» **WHAT IS BEING ASKED**
Your answer should consist of each line below that includes the word "Vintage".

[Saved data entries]
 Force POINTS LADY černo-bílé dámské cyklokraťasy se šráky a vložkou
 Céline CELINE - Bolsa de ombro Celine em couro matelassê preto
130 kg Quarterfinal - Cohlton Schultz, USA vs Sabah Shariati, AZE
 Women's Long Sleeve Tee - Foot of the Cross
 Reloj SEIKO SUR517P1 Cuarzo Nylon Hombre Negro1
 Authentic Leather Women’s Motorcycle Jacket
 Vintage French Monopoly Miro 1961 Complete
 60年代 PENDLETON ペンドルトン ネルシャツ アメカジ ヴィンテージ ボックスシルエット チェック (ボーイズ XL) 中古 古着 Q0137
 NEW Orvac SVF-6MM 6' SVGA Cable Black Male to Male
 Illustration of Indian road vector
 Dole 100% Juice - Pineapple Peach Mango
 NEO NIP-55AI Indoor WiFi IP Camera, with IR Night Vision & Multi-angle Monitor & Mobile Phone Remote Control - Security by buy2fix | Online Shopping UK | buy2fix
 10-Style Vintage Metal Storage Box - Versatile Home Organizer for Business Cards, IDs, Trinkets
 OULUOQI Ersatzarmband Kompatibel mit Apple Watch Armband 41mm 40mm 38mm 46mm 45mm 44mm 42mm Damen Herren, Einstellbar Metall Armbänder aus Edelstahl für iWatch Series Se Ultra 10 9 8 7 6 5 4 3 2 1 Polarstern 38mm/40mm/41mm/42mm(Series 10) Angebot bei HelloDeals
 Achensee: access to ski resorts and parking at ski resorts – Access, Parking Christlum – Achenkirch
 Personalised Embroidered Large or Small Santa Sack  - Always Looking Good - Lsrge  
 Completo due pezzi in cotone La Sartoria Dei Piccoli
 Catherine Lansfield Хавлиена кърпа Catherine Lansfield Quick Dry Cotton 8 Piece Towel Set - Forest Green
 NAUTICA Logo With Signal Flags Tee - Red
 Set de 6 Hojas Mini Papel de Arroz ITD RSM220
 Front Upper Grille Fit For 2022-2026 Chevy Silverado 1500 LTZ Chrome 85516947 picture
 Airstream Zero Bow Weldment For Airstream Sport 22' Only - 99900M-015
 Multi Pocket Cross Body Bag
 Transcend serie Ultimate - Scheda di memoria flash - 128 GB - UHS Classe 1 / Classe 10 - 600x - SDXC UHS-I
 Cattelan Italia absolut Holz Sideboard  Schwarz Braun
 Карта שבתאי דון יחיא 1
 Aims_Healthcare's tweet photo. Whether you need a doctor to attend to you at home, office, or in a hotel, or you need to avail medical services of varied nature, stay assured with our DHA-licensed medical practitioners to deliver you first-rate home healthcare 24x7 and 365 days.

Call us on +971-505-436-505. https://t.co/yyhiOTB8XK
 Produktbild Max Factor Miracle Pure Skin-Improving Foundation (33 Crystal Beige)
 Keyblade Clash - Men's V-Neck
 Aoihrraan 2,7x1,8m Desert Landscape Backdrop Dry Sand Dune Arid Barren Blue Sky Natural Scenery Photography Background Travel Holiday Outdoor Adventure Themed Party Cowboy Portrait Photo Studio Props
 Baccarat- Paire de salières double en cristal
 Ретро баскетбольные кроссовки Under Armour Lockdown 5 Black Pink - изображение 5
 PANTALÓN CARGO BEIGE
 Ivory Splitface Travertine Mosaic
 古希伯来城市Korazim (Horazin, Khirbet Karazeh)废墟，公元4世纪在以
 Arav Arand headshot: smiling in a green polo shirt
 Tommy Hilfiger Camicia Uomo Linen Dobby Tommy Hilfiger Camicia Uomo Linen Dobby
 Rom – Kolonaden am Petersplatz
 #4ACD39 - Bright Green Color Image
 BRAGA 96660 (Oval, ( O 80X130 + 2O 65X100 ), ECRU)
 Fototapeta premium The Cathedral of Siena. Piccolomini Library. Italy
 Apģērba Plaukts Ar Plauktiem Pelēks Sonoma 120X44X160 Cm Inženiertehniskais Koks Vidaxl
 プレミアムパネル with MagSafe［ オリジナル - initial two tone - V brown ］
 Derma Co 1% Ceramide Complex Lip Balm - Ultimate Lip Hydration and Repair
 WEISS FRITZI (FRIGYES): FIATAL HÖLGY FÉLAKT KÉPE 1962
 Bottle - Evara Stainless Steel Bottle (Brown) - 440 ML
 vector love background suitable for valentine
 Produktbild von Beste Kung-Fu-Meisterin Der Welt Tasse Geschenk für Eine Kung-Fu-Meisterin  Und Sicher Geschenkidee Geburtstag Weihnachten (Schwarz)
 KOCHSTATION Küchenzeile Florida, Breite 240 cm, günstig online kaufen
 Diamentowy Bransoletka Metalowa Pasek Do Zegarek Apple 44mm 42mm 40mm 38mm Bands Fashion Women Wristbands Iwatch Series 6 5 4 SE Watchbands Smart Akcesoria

» **REPLY TO THE EXERCISE**
 Vintage French Monopoly Miro 1961 Complete
 10-Style Vintage Metal Storage Box - Versatile Home Organizer for Business Cards, IDs, Trinkets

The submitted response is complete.